En raison de mon passage à la fonction de directeur marketing, il m'arrive assez fréquemment d'être sollicité autour de thèmes comme la formalisation de la proposition de valeur, ou la définition d'outils d'aide à la vente comme des présentations standard, des argumentaires de vente, ou encore des fiches de réponse à objections déclinées par concurrent. Ces demandes ont le don de me mettre mal à l'aise.
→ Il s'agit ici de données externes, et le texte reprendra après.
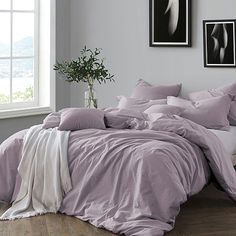 a bed with purple sheets and pillows in a room next to a white chair, potted plant and framed pictures on the wall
En effet, elles me mettent en porte-à-faux puisque, d'un côté, je sais comment donner techniquement satisfaction à mon client, mais que, par ailleurs, je reste intimement convaincu par la faible valeur opératoire de ce genre d'outils.
Jusqu'à il y a peu, face à ce type de sollicitation, je tentais, par un jeu de questions orientées, de faire visualiser à mon interlocuteur combien une utilisation "mono-directionnelle" [c'est-à-dire, à des fins de présentation] de ces outils pouvait desservir les intérêts de la société et porter préjudice à l'efficacité de la démarche commerciale.
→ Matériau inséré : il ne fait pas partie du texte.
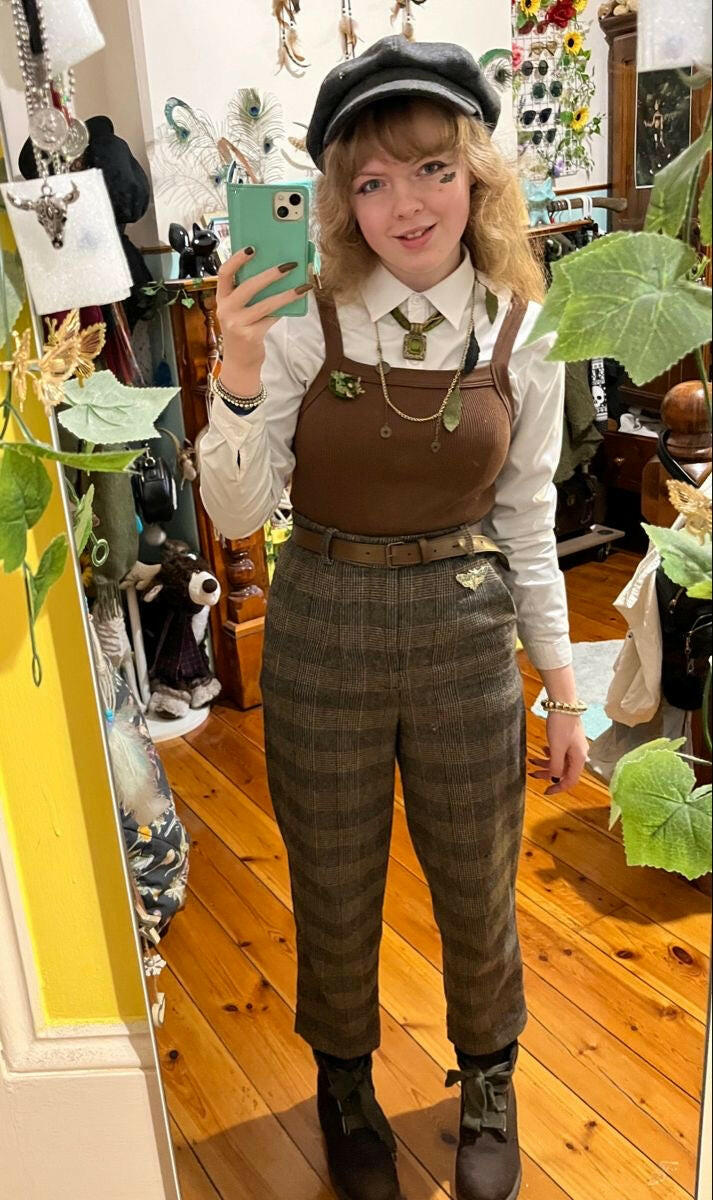Person taking a mirror selfie wearing a brown checkered outfit with a cap indoors.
Cela donnait lieu à des dialogues comme celui-ci :
- (Moi) Dans quel contexte envisagez-vous l'utilisation de ces outils ?
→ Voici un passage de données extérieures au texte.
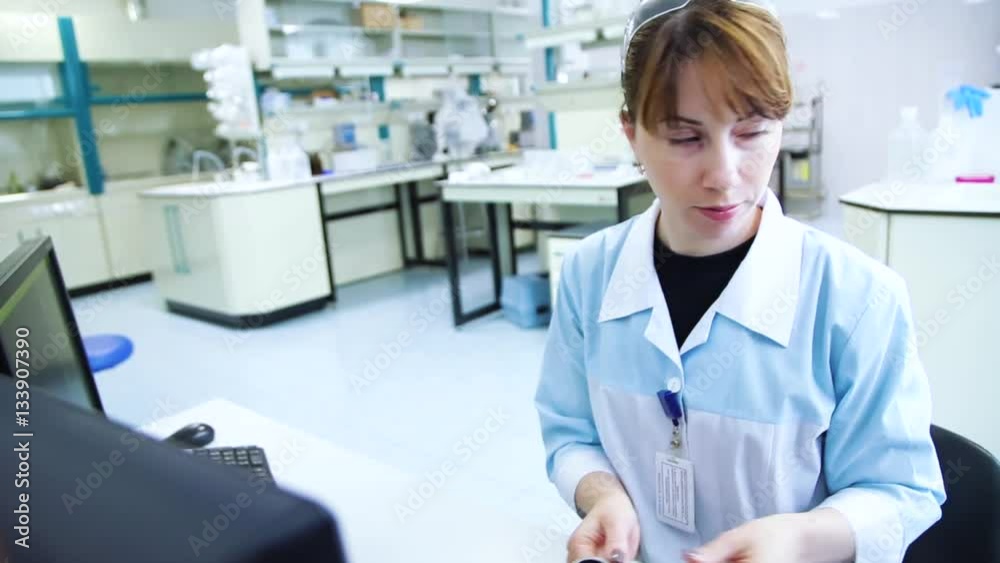 Woman scientist using digital microscope Woman scientist using digital microscope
- (Interlocuteur client) Je veux que les commerciaux utilisent ces outils durant les entretiens de qualification. A cette occasion, ils doivent être en mesure de présenter tant notre société que notre offre. Je veux aussi qu'ils soient autonomes dans la réalisation de démonstrations et qu'ils sachent notamment, à cette occasion, mettre en avant nos points de force en termes de différenciation concurrentielle.
- (Moi) Selon vous, il faudra combien de temps au commercial pour présenter la société, l'offre, puis faire la démo ?
- (Interlocuteur client) Environ 45 minutes.
- (Moi) En général, quelle est la durée moyenne des meetings que vos commerciaux ont en clientèle ?
- (Interlocuteur client) Autour d'1 heure.
- (Moi) Cela laisse donc 15 minutes pour qualifier le besoin client. Est-ce suffisant selon vous ?
- (Interlocuteur client) Non, bien sûr !
Imparable, me direz-vous ? A voir. L'expérience m'a montré combien il était difficile de faire changer quelqu'un d'avis, surtout si cela impliquait de modifier un certain nombre de croyances fortement ancrées.
Désormais, je sais que je m'y prendrai autrement.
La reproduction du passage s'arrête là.